Dataset and Baselines for IID and OOD Image Classification Considering Data Quality and Evolving Environments


Zhang Z., Li Y., Gong Y., Yang Y., Ma S., Guo X., ...Daha Fazla

INTERNATIONAL JOURNAL OF INTERACTIVE MULTIMEDIA AND ARTIFICIAL INTELLIGENCE, cilt.8, sa.1, ss.6-12, 2023 (SCI-Expanded) identifier identifier

  • Yayın Türü: Makale / Tam Makale
  • Cilt numarası: 8 Sayı: 1
  • Basım Tarihi: 2023
  • Doi Numarası: 10.9781/ijimai.2023.01.007
  • Dergi Adı: INTERNATIONAL JOURNAL OF INTERACTIVE MULTIMEDIA AND ARTIFICIAL INTELLIGENCE
  • Derginin Tarandığı İndeksler: Science Citation Index Expanded (SCI-EXPANDED), Scopus, Applied Science & Technology Source, INSPEC, Directory of Open Access Journals, DIALNET
  • Sayfa Sayıları: ss.6-12
  • Anahtar Kelimeler: Active Learning, Data, Quality, Efficient, Dataset, Evolving, Environments, Generalization.
  • Atatürk Üniversitesi Adresli: Evet

Özet

At present, artificial intelligence is in a period of rapid development, and deep learning has begun to be applied in various fields.
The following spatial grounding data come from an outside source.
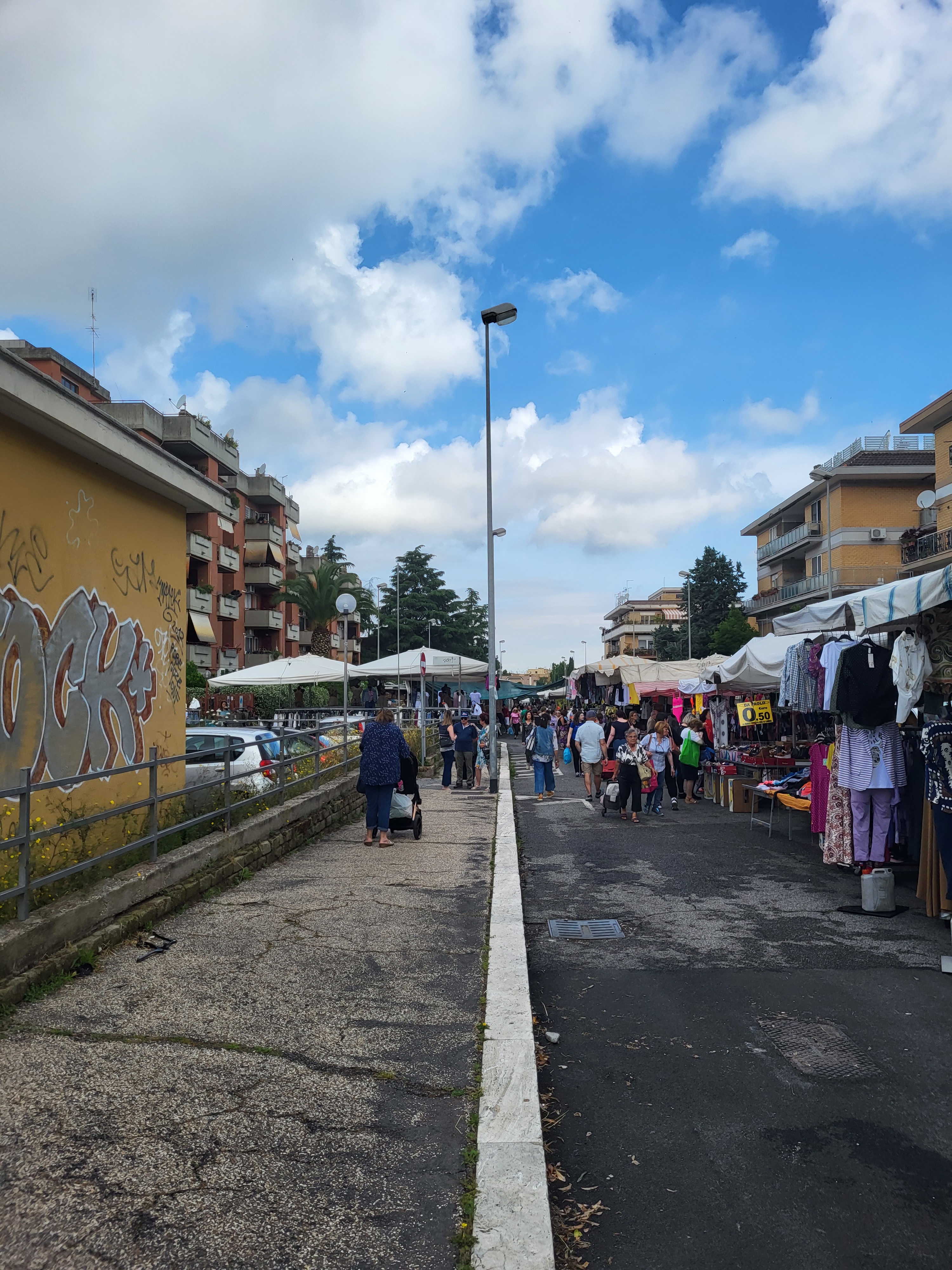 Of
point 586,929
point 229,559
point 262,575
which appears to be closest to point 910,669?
point 586,929

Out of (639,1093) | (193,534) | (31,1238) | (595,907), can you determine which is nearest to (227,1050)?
(31,1238)

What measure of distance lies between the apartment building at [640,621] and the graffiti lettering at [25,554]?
83.5 meters

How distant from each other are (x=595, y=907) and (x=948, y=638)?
12.7ft

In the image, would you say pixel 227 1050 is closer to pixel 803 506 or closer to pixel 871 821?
pixel 871 821

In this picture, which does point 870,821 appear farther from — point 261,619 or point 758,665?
point 261,619

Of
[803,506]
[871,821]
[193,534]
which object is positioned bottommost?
[871,821]

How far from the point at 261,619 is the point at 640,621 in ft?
227

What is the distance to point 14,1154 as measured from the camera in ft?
10.3

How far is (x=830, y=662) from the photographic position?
29.6 ft

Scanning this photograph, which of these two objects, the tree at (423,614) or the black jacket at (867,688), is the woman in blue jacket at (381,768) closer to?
the black jacket at (867,688)

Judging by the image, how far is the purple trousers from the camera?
838 centimetres

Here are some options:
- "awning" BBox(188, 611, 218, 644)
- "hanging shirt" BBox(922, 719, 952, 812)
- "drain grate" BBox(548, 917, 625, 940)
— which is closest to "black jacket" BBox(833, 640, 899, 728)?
"hanging shirt" BBox(922, 719, 952, 812)

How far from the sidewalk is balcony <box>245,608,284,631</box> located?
45.6m

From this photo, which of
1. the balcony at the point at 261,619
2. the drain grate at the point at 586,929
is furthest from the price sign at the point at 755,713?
the balcony at the point at 261,619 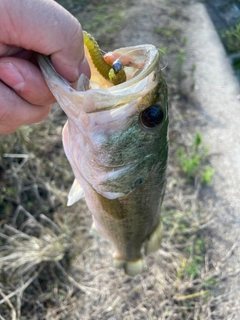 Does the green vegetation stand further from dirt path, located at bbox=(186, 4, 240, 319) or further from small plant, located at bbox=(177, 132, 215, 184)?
small plant, located at bbox=(177, 132, 215, 184)

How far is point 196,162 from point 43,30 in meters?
1.87

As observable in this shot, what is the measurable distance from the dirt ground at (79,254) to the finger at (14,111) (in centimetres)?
133

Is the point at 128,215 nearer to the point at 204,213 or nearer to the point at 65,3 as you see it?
the point at 204,213

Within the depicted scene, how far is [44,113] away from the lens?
1.27 m

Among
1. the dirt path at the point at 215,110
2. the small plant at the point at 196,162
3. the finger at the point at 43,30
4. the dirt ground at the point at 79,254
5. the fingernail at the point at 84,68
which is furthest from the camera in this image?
the small plant at the point at 196,162

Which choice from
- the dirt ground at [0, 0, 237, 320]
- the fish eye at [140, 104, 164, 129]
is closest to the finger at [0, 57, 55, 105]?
the fish eye at [140, 104, 164, 129]

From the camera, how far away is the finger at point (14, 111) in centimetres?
110

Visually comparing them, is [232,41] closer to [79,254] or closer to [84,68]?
[79,254]

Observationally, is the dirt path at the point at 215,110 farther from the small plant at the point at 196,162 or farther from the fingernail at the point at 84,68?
the fingernail at the point at 84,68

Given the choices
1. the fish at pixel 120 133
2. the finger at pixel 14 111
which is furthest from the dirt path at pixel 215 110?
the finger at pixel 14 111

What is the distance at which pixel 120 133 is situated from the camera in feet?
3.77

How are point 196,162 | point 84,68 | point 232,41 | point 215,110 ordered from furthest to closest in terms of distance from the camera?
1. point 232,41
2. point 215,110
3. point 196,162
4. point 84,68

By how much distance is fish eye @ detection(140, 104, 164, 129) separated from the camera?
1129 mm

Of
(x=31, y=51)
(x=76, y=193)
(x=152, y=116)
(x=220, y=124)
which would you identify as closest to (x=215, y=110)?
(x=220, y=124) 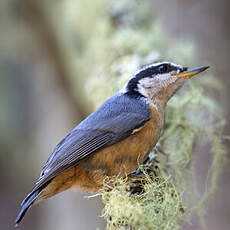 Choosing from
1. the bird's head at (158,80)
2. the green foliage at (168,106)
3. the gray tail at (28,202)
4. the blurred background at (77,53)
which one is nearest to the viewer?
the green foliage at (168,106)

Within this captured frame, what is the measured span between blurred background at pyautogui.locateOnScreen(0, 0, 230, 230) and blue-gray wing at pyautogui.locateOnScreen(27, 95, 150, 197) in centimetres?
52

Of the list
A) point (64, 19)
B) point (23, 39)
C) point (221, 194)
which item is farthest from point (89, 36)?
point (221, 194)

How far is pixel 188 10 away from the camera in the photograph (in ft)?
15.6

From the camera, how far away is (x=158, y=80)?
10.5 ft

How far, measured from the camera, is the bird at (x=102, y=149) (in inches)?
109

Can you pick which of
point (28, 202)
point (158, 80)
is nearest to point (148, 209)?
point (28, 202)

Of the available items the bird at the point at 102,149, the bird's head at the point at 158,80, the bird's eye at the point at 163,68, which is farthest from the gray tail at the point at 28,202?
the bird's eye at the point at 163,68

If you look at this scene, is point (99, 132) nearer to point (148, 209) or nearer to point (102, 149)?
point (102, 149)

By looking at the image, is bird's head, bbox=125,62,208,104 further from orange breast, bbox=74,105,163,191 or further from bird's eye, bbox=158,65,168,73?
orange breast, bbox=74,105,163,191

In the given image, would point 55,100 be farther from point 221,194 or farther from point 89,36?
point 221,194

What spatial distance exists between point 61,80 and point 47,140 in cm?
87

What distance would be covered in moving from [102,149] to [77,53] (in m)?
2.50

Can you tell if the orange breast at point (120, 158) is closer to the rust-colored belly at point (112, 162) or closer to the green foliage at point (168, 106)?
the rust-colored belly at point (112, 162)

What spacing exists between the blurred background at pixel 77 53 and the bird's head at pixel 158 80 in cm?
28
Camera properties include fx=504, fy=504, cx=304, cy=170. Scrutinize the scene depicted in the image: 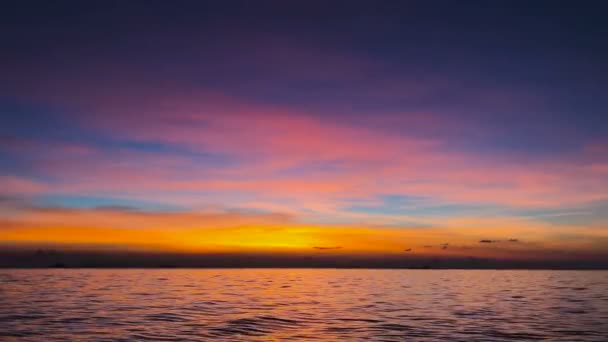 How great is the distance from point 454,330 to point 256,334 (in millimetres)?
13755

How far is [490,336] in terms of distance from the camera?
106 feet

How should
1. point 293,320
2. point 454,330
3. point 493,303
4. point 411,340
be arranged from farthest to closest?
point 493,303 < point 293,320 < point 454,330 < point 411,340

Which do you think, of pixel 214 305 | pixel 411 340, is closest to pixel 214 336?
pixel 411 340

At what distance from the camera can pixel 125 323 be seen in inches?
1446

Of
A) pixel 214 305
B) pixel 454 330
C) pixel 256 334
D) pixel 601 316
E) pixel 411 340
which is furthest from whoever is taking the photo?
pixel 214 305

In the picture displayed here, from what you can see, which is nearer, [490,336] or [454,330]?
[490,336]

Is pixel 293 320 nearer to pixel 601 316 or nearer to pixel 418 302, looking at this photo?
pixel 418 302

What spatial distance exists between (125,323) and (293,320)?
41.2 ft

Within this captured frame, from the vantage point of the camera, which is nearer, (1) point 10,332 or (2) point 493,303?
(1) point 10,332

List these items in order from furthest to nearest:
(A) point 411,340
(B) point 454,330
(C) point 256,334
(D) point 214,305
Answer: (D) point 214,305 → (B) point 454,330 → (C) point 256,334 → (A) point 411,340

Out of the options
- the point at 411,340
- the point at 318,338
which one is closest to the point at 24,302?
the point at 318,338

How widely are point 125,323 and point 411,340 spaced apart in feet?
67.2

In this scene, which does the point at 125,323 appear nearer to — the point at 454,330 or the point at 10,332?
the point at 10,332

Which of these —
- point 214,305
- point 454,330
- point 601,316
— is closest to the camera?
point 454,330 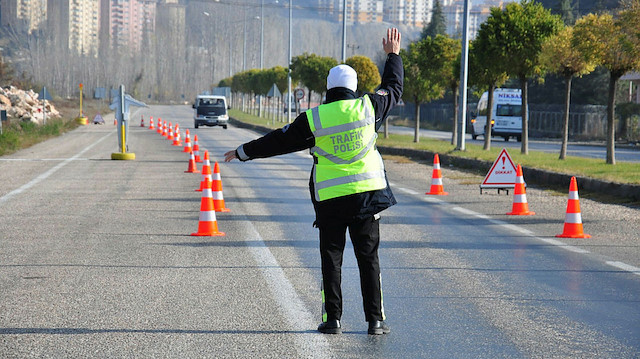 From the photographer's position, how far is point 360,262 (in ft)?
20.8

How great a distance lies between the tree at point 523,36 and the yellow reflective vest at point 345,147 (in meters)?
21.9

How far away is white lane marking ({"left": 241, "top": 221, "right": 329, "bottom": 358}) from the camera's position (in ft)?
19.0

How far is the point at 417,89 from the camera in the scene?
39531 millimetres

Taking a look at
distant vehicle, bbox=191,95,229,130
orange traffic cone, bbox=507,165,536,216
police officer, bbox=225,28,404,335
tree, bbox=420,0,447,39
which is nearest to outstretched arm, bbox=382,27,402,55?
police officer, bbox=225,28,404,335

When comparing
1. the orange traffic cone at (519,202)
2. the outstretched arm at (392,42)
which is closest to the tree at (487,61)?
the orange traffic cone at (519,202)

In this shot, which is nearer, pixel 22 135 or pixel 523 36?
pixel 523 36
Data, as a key part of the deep learning, its efficiency and stability, will directly affect the performance of the model, so it is valued by people. In order to make the dataset efficient, many active learning methods have been proposed, the dataset containing independent identically distribution (IID) samples is reduced with excellent performance; in order to make the dataset more stable, it should be solved that the model encounters out-of-distribution (OOD) samples to improve generalization performance. However, the current active learning method design and the method of adding OOD samples lack guidance, and people do not know what samples should be selected and which OOD samples will be added to better improve the generalization performance. In this paper, we propose a dataset containing a variety of elements called a dataset with Complete Sample Elements(CSE), the labels such as rotation angle and distance in addition to the common classification labels. These labels can help people analyze the distribution characteristics of each element of an efficient dataset, thereby inspiring new active learning methods; we also construct a corresponding OOD test set, which can not only detect the generalization performance of the model, but also helps explore metrics between OOD samples and existing dataset to guide the selected method of OOD samples, so that it can improve generalization efficiently. In this paper, we explore the distribution characteristics of efficient datasets in terms of angle element, and confirm that an efficient dataset tends to contain samples with different appearance. At the same time, experiments have proved the positive influence of the addition of OOD samples on the generalization performance of dataset.